# New Intersection Activation Dates

In lieu of having the activation date in the Miovision API, we've traditionally manually pulled data from API until we honed in on the day when data was first available. This notebook partly automates this process. It first determines which intersections now available from the [Miovision API](https://docs.api.miovision.com/#!/Intersections/get_intersections) need to be added to `miovision_api.intersections`. Given a user-defined range of dates to analyze, it then sequentially pulls from the API until it obtains the first date when data was available.

The user should manually validate the script's results using the Miovision API. The task of including the `px`, appending a geometry, and uploading to `miovision_api.intersections` remains manual, however.

In [2]:
import configparser
import pathlib

from requests import Session
import pandas as pd
import psycopg2
import datetime
import numpy as np

In [4]:
# Get api key from airflow variable.
config = configparser.ConfigParser()
config.read('/etc/airflow/data_scripts/volumes/miovision/api/config.cfg')
api_key=config['API']
miov_token=api_key['key']

In [5]:
session = Session()
session.proxies = {}

headers = {'Content-Type': 'application/json',
           'Authorization': miov_token}

## New Intersections Table

In [7]:
# Get intersections from Miovision API.
response = session.get("https://api.miovision.com/intersections/",
                       params={}, headers=headers, proxies=session.proxies)
df_api = pd.DataFrame(response.json())
df_api = df_api[['id', 'name']].copy()
df_api.columns = ['id', 'intersection_name']

# Get intersections currently stored in `miovision_api` on Postgres.
dbset = config['DBSETTINGS']
with psycopg2.connect(**dbset) as conn:
    df_pg = pd.read_sql("SELECT * FROM miovision_api.intersections", con=conn)

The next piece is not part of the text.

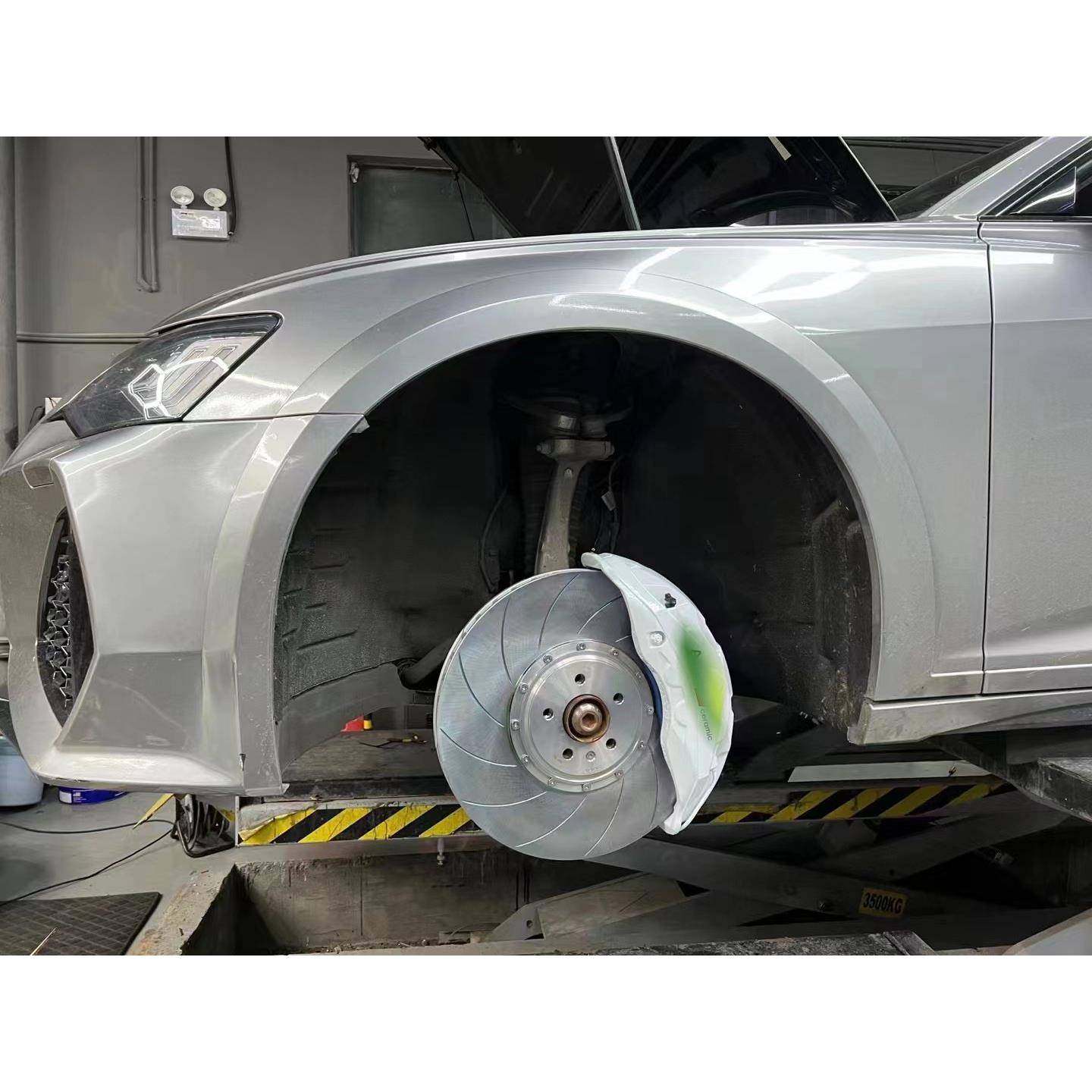 奥.迪A6/A6L/A7/A8/RS6/RS7/Q8十活塞刹车卡钳改装套件制动卡钳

# Join the two tables, and select intersections in the API and not in Postgres.
df_intersections = pd.merge(df_pg, df_api[['id', 'intersection_name']], how='outer',
                            left_on='id', right_on='id', suffixes=('', '_api'))
df_newints = df_intersections.loc[df_intersections['intersection_uid'].isna(), ['id', 'intersection_name_api']]
df_newints.index += 1

`df_newints` is a table of the new intersections to be added.

In [8]:
df_newints

Unnamed: 0,id,intersection_name_api
69,ff494e5c-628e-4d83-9cc3-13af52dbb88f,Bathurst Street and Fort York Boulevard
70,78769d41-765a-4dbf-ae32-6908a2e04d52,College Street and Bathurst Street
71,c259139e-a19e-42d5-9327-791693c1000e,Lake Shore Boulevard West and Bathurst Street
72,15524515-c5ab-4e02-b99b-52611c3fed9d,Pearl Street and University Avenue
73,768710a4-9177-40cf-a2e8-ba403b4dadc4,Testing Lab


## Find First Full Day of Data

The user must provide a `'test_daterange_start'` and a `'test_daterange_end'` column to `df_newints` as the start and inclusive end date, respectively, of the range of dates to search for the activation date. Different rows (i.e. intersections) can have different values.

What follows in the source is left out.